Importance sociale du nombre des justes

 

 

 

 

 

par

 

 

 

 

 

Charles BOUCAUD

 

 

 

 

 

 

 

 

 

 

La question sociale se résout pratiquement en question morale. En fait, la grosse majorité se borne au maintien des droits acquis, du statu quo. C’est seulement une petite minorité, hardie et en avance sur son temps, qui a le courage de poursuivre « l’équation des droits ».

C’est donc dans les âmes de quelques justes, qui sont tourmentés par le sentiment de la justice et qui le préfèrent aux préjugés sociaux, que les progrès de la justice prennent leur point de départ.

Le meilleur moyen de réaliser des réformes sociales est donc de former une élite de justes véritables.

Mais qu’est-ce qu’un juste ? Un juste, au point de vue juridique et social, c’est celui qui, ne se bornant pas à respecter les lois établies et les conventions particulières qu’il a passées avec les autres hommes, voit dans ses inférieurs, au-delà de leur position sociale, des personnes de même nature que la sienne, qui, emprisonnées dans le réseau de l’organisation et des inégalités sociales, appesanties moralement par un passé de servitude ou d’infériorité, ont seulement besoin, pour être émancipées, d’être aidées. L’amour de tous les hommes et de tous les humbles comme de soi-même, voilà donc la condition morale de la justice sociale ; et tout ce qui est de nature à fomenter cet amour universel et minutieux favorise la formation des justes et, par conséquent, le progrès social.
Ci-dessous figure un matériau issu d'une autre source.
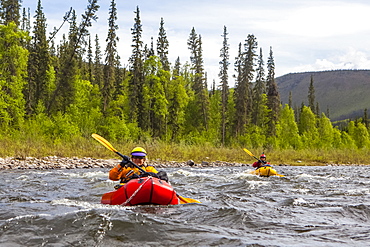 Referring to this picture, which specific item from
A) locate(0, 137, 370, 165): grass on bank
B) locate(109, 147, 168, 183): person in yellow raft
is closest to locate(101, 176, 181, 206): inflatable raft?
locate(109, 147, 168, 183): person in yellow raft

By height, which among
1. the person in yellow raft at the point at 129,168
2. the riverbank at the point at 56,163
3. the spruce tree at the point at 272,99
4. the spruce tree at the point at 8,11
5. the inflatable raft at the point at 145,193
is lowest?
the riverbank at the point at 56,163

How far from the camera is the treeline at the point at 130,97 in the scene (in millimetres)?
27780

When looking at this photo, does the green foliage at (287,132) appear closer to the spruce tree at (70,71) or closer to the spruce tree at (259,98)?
the spruce tree at (259,98)

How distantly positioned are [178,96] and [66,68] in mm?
12382

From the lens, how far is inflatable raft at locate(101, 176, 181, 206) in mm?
7484

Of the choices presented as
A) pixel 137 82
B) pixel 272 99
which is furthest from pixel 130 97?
pixel 272 99

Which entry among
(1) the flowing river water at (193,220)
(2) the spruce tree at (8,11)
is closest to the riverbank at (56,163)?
(1) the flowing river water at (193,220)

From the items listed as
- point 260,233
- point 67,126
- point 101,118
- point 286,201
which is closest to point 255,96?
point 101,118

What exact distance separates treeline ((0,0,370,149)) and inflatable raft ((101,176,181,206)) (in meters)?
19.8

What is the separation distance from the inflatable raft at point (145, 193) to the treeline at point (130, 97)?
1976 centimetres

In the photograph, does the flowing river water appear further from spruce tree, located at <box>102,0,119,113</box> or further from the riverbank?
spruce tree, located at <box>102,0,119,113</box>

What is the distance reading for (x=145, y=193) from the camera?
7.46m

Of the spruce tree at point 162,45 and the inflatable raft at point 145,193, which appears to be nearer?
the inflatable raft at point 145,193

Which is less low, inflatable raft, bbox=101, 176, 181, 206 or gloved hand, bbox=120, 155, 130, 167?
gloved hand, bbox=120, 155, 130, 167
De là procède la valeur sociale du christianisme, qui rend concrète et vivante l’idée d’égalité entre tous les hommes, en voyant dans tous les hommes des frères que réunit miséricordieusement la commune paternité de Dieu, et qui a pour suprême idéal l’exécution de ce vœu synthétique du Christ : « Qu’ils soient tous un, comme vous, mon Père, et moi, Nous ne sommes qu’un ! et qu’ils ne fassent qu’un avec nous ! » L’idéal chrétien porte ainsi à son comble l’idée de justice, en réalisant si intégralement l’« équation des droits », qu’il assimile surnaturellement les personnes humaines, non seulement entre elles, mais encore aux personnes divines, en les rendant fraternellement cohéritières du Christ.
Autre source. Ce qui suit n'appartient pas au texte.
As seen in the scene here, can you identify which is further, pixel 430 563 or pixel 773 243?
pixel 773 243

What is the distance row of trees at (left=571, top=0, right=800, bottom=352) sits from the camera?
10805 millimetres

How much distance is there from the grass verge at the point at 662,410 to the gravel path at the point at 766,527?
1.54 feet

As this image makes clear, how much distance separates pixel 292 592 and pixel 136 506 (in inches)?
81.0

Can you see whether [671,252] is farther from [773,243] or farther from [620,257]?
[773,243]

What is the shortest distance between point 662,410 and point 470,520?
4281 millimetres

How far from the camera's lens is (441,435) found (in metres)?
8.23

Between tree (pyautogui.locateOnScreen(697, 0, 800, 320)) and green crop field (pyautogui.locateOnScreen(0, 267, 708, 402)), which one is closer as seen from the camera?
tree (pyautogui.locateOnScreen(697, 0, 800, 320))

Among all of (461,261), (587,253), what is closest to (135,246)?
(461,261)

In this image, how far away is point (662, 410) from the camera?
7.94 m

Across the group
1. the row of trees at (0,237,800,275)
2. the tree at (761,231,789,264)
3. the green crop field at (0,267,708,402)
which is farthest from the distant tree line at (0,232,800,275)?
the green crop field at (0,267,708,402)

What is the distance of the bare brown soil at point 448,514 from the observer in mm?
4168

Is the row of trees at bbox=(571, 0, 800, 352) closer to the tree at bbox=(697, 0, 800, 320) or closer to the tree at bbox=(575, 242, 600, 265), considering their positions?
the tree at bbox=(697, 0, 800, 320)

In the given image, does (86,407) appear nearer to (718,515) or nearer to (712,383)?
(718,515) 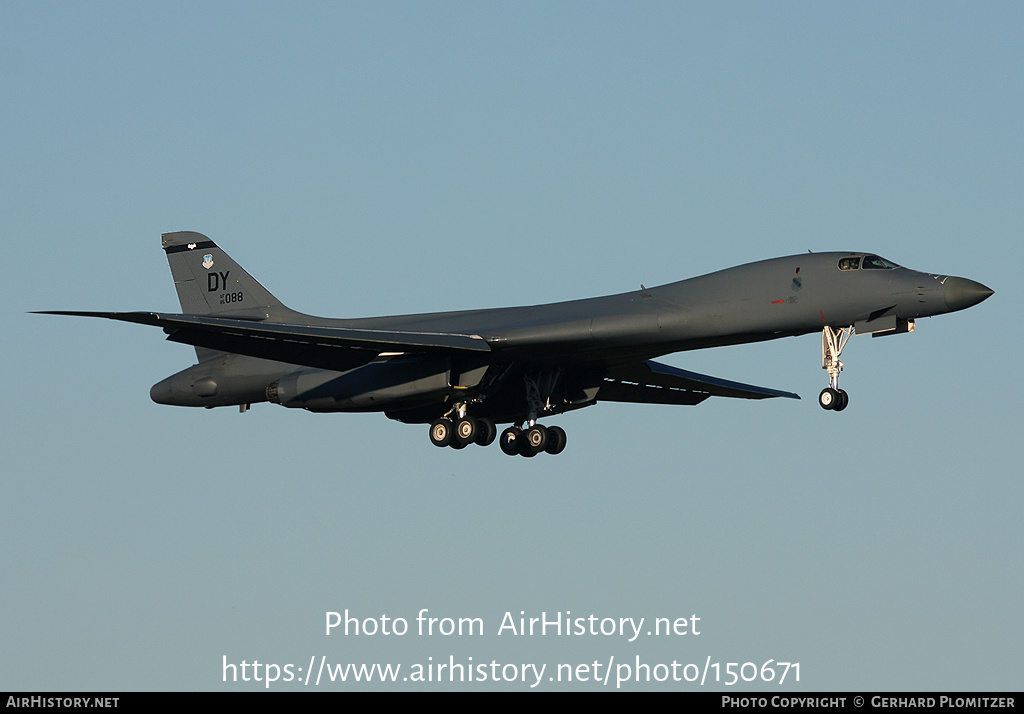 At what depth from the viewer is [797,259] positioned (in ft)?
112

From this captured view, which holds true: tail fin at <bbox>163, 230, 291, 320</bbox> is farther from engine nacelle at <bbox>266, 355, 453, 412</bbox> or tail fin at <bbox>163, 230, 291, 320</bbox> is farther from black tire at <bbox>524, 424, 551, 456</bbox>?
black tire at <bbox>524, 424, 551, 456</bbox>

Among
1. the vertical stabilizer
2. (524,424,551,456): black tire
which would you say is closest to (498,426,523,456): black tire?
(524,424,551,456): black tire

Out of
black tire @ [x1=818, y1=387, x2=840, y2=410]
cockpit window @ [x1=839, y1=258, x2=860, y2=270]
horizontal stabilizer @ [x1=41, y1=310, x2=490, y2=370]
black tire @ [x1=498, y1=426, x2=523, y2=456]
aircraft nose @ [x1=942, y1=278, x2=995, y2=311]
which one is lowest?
black tire @ [x1=498, y1=426, x2=523, y2=456]

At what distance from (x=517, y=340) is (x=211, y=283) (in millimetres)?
11394

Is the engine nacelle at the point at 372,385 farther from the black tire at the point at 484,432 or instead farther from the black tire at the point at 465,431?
the black tire at the point at 484,432

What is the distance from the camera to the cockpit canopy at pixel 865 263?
1320 inches

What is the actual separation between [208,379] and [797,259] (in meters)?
16.5

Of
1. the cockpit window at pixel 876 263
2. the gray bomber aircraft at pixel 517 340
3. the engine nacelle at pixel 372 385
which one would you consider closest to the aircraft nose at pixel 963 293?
the gray bomber aircraft at pixel 517 340

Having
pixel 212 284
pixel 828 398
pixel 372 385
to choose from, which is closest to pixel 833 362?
pixel 828 398

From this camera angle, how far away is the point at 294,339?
3594 centimetres

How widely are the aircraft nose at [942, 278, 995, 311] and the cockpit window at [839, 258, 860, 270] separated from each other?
2.07 metres

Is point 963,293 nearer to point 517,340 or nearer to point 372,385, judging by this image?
point 517,340

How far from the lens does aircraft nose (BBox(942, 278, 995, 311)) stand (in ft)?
106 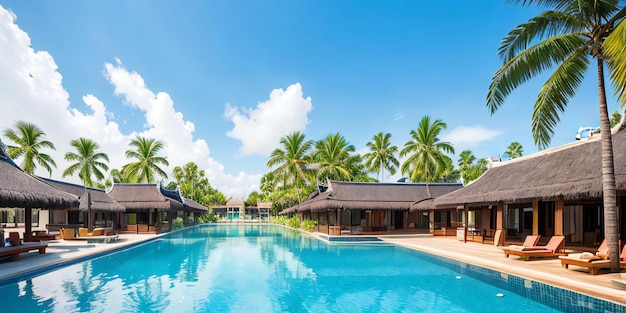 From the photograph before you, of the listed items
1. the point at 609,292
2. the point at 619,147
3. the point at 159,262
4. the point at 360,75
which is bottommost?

Aussi le progrès social dépend-il surtout de la charité intérieure des âmes. « Les causes profondes des grands changements humains sont ailleurs que dans les assemblées politiques et les cercles de lettrés ; elles sont dans les aspirations des simples, des patients de toute sorte. Ce sont les déshérités de la terre qui toujours ont poursuivi le plus énergiquement l’idéal et qui ont réalisé le bien dont nous vivons. Ce sont les infiniment petits, au fond de la sombre mer des pauvres, qui fondent l’avenir... Le lent travail de perfection que poursuivent les êtres pensants et responsables agrandit l’ordre universel. Le moindre mouvement que le sage vient à faire suivant l’ordre profite à tout l’univers. Une bonne action, une vie sainte, sont, en un sens, éternelles dans leurs résultats... En concevant et en réalisant la justice, l’être dont la dépouille vient du néant et va y rentrer, participe à l’éternel et à l’infini 1. »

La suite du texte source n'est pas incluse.